Pamela Webster was known to the family of David DeKoning as a trusted friend to his mother Sally.

Webster was a confidant, someone who was by her side in the dark days after David suddenly died in May. She was so trusted that the family thought nothing of it when she started a GoFundMe account to help DeKoning’s widow and daughter.

“She said I’ll take the lead on it and I’ll do it, and I said I’ll be grateful. I let her do it,” Sally said.

Webster wrote the following on the page: I have been truly blessed to be “adopted” into this very beautiful and loving family, which is why I am asking for your help for them.

Sally says that is true.

“We did adopt her. The whole family thought of her as family, the whole family. Not any more, family doesn’t do this to family,” she said.

Posts from the site show she collected $1,200. But as time passed, DeKoning’s family began to wonder, “Where is the money?”

Webster began to avoid contact and eventually blocked the family members, according to DeKoning’s daughter Gabrielle.

Sally was puzzled, and said they kept contacting her, wondering if Webster was mad at them and wondering what had happened. With suspicions growing, the family was able to pressure Webster, threatening legal action. She agreed to come to DeKoning’s home with cash.

She arrived with $150, a fraction of what she had collected.

The exchange was captured on an audio recording.

“This is all I have, so,” Webster said on tape.

“OK, well I appreciate that. How much?” someone asks.

“It’s $150 … I’ll try and do what I can … just keep in contact with me,” Webster said.

“OK,” someone says.

That was the last direct contact Webster had with DeKoning’s family.

Sally is left with sympathy cards and no way to even thank those who donated to the GoFundMe account.
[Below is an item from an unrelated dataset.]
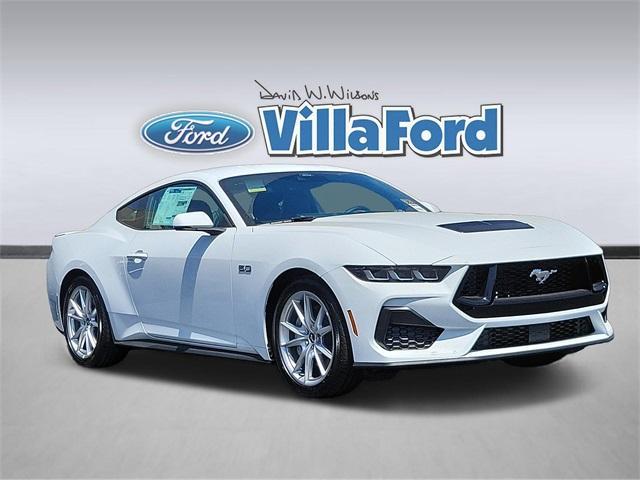 new 2024 Ford Mustang car, priced at $51,570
“She took anonymous money from people we’ll never be able to thank. We don’t have their address, we don’t know who it was. It’s heartbreaking. It’s heartbreaking,” Sally said.

There are large lessons in this case, for anyone who trusts a friend — even a family member — with money.

Check their background. It may be uncomfortable, but it can also prevent fraud, says security expert Tim Dimoff.

“In the past six years we have seen a tenfold increase in financial missing money among people that know each other,” Dimoff said.

Webster is a Licensed Nurse Practitioner in Independence. Court records show a long history of financial troubles. Deutsche Bank filed financial civil proceedings regarding the mortgage on her Pepper Pike home in 2009. She is in the midst of a divorce, and a recent suit by the city of Pepper Pike (filed in Mayfield Heights court) says she owes back taxes.

Online fraud and crime leaves victims in the lurch. If you donate or are the beneficiary of something like a GoFundMe account, Dimoff says there are things you should do.

“I think the best thing to do is to have two or three people all monitoring it and none of the money can be taken out of the fund without multiple people. Having a single person is the most dangerous way and it increases the amount of money that doesn’t get to (where it’s supposed to go),” Dimoff said.

DeKoning’s daughter Gabrielle is a year away from college graduation. She says her mom had plans for the GoFundMe proceeds.

“She was going to pay for my schooling,” she said.

After Cleveland 19 News confronted Webster, she sent a message to DeKoning’s family saying she’d pay the $1,000 she owed, but if they sent anyone else after her she would view the money as compensation for her aggravation. The next day she slipped a certified check between the front and screen door.